# Best way to patch holes in drywall



## CowboyAndy (Feb 19, 2008)

What is the best way to patch a hole in drywall? I have done new sheetrock and mud before, but never had to patch a hole. There are 2 holes, 1 is 6"x6", then about 3" below is a 4"x4" hole.


----------



## Maintenance 6 (Feb 26, 2008)

Paint stores have adhesive patches that stick on and then mud over. Around here they sell them in 4x4 and 6x6 versions. The other way is to screw a couple of wood blocks across the inside of the hole and screw a patch to the blocks. Then mud and tape.


----------



## colddodger (Dec 18, 2008)

*patch drywall*

cut a piece of drywall 4" bigger then the hole turn over to the back side of the drywall cut paper on back 2" or little more in oround the sides bend or break the broad on the cut peal off the outer backing you have a peice that will fit the hole and have paper side to mud and finsh no wood or other things need mud edge of hole put you peice in place mud like any taped seam


----------



## Termite (Apr 13, 2008)

I don't care for the band aid patches they sell. Weak repair at best, although aesthetically they look the same.

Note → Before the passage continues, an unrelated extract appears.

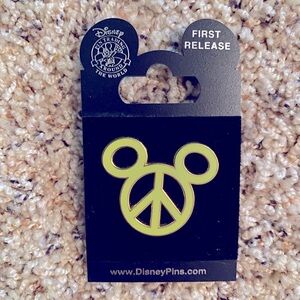 Disney Mickey Mouse Ears Peace Sign Trading Pin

I prefer to use a couple pieces of 1x a few inches longer than the hole. Insert them into the wall and run a screw through the sheetrock an inch or so from the edge of the patch into each end of the 1x's. That gives you something solid to screw a new chunk of sheetrock into, giving you a solid, stable full thickness patch that isn't reliant on tape to hold it in place.


----------



## bjbatlanta (Jul 16, 2008)

Colddodger's method (hot patch) is the easiest for small repairs. Put a small amount of mud around the edge of the patch and the hole in the wall. Wipe all excess so the patch doesn't bulge out. Allow to dry completely before coating again (12 hrs. or so). If you use setting type compound, you can speed up the process.


----------



## ponch37300 (Nov 27, 2007)

I have used these clips numerous times and they work great and are pretty cheap. You just slide them onto the drywall already in place and drive a screw in and then cut your new piece of drywall patch and put it in place and then screw it to the clips and then the tabs on the clips break off. Super easy and leaves a flat surface to tape and mud. 
http://www.prest-on.com/Scripts/prodList.asp?idcategory=3


----------